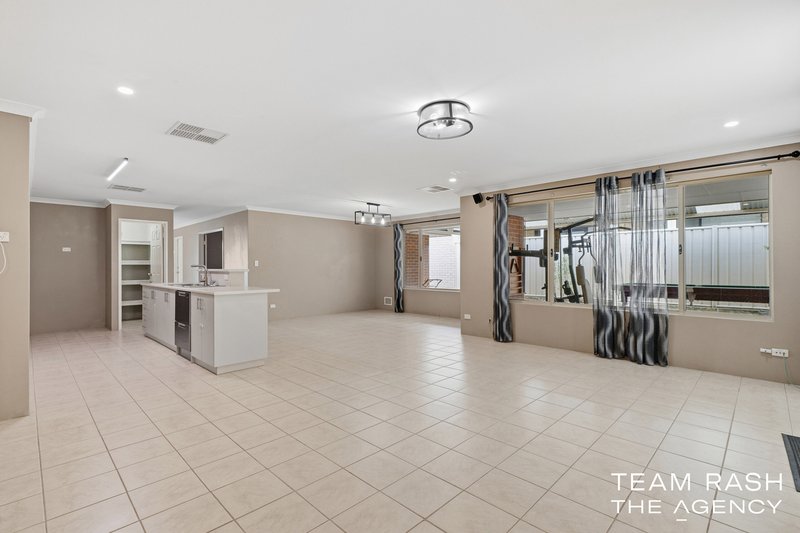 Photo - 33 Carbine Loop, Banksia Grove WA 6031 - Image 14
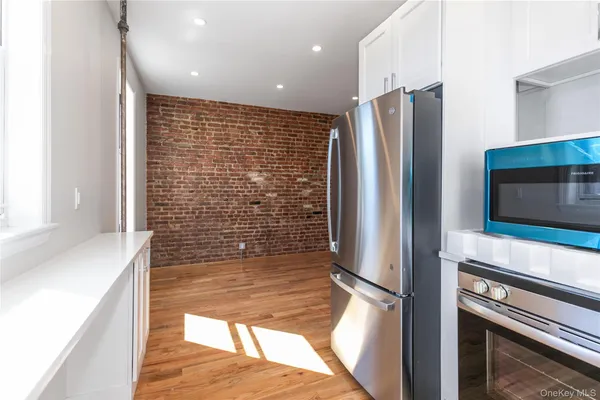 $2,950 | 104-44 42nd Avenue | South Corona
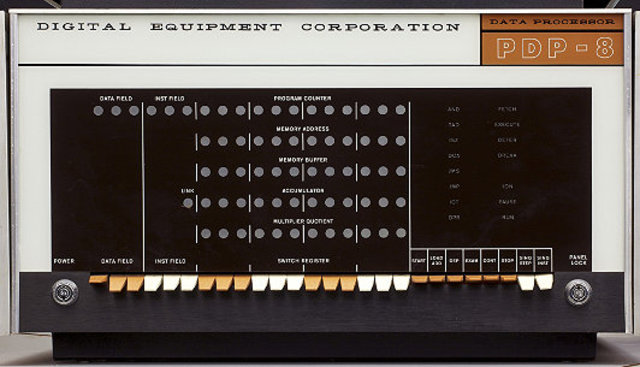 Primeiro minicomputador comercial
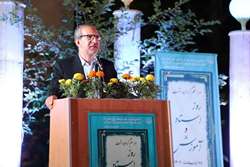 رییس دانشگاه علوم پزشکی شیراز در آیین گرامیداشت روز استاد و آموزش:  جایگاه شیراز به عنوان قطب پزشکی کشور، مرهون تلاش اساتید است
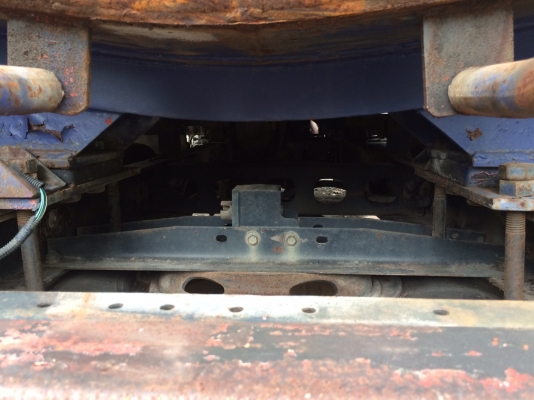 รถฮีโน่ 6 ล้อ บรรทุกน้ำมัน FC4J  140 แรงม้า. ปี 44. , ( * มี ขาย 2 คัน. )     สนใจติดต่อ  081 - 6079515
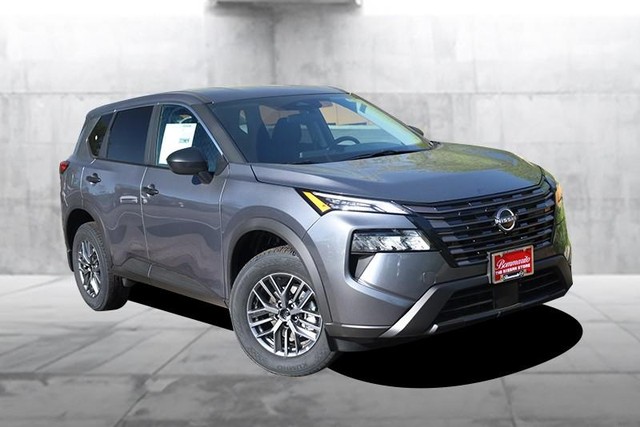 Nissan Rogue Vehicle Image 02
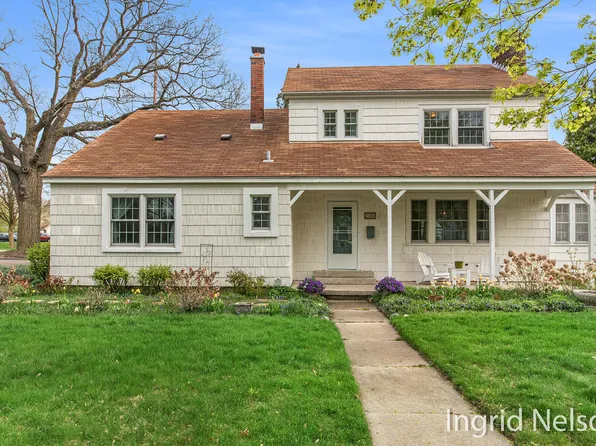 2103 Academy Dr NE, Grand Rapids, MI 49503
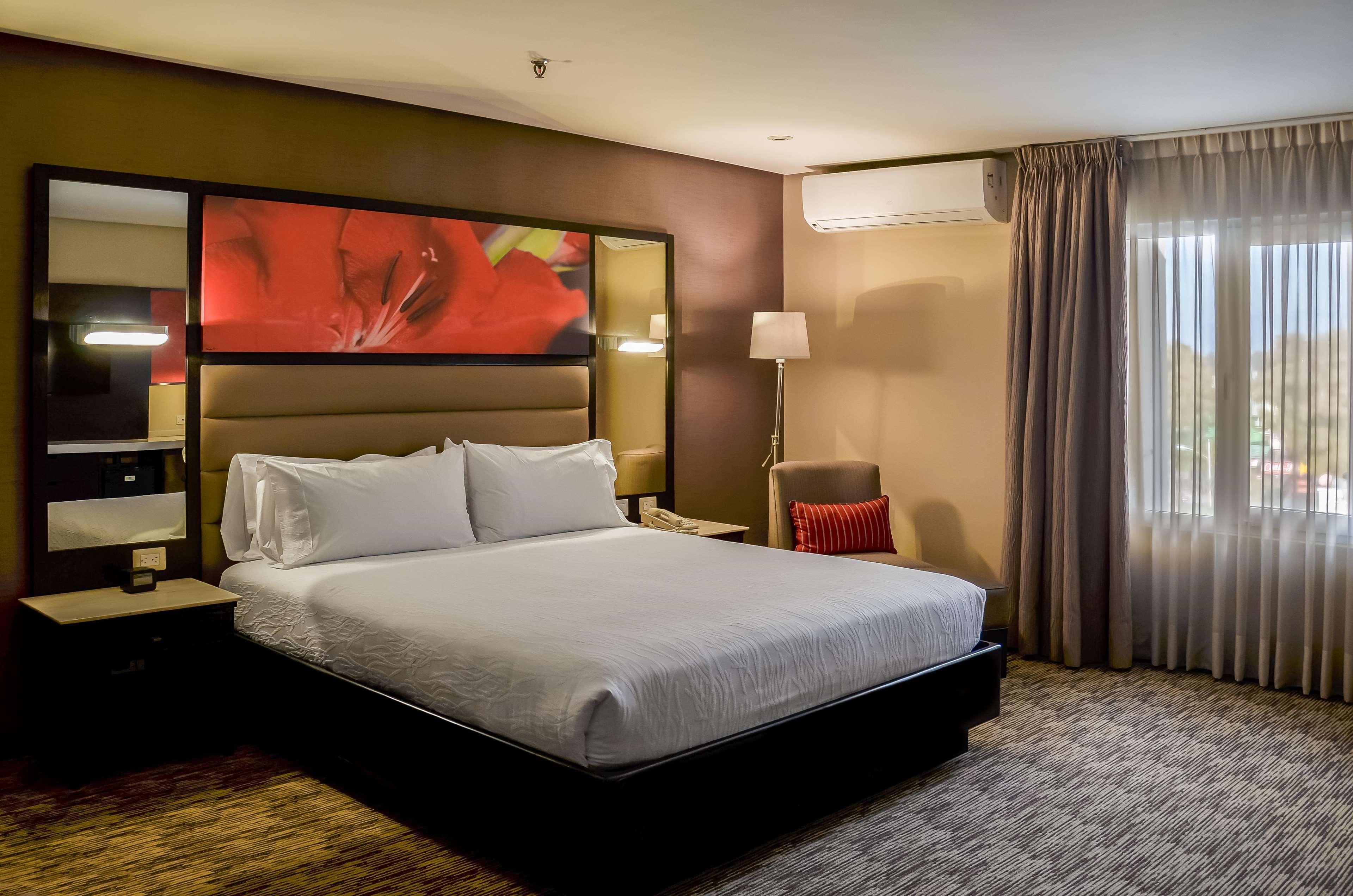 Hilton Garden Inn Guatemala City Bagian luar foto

★ ★ ★ ★ ★ ★ ★

PROBLEM DETAILS: Pictures are to be left out. Write out only the lines above starting at the one with "Avenue | South Corona" and ending at the one with "Nissan Rogue Vehicle Image 02", both lines included, exactly.

RESULT FOR THIS TASK:
 $2,950 | 104-44 42nd Avenue | South Corona
 Primeiro minicomputador comercial
 رییس دانشگاه علوم پزشکی شیراز در آیین گرامیداشت روز استاد و آموزش:  جایگاه شیراز به عنوان قطب پزشکی کشور، مرهون تلاش اساتید است
 รถฮีโน่ 6 ล้อ บรรทุกน้ำมัน FC4J  140 แรงม้า. ปี 44. , ( * มี ขาย 2 คัน. )     สนใจติดต่อ  081 - 6079515
 Nissan Rogue Vehicle Image 02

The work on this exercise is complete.